__Available data__
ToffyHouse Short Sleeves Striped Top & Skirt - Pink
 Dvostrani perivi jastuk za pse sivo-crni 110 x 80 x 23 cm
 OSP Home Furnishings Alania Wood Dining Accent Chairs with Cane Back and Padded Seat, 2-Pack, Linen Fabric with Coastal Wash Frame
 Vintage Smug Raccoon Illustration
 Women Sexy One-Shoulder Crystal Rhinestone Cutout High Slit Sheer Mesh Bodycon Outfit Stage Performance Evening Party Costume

__Task statement__
Begin with the line that contains "Dvostrani perivi jastuk" and end with the last line of the data. Repeat those two lines and all between them exactly.

__Result below__
 Dvostrani perivi jastuk za pse sivo-crni 110 x 80 x 23 cm
 OSP Home Furnishings Alania Wood Dining Accent Chairs with Cane Back and Padded Seat, 2-Pack, Linen Fabric with Coastal Wash Frame
 Vintage Smug Raccoon Illustration
 Women Sexy One-Shoulder Crystal Rhinestone Cutout High Slit Sheer Mesh Bodycon Outfit Stage Performance Evening Party Costume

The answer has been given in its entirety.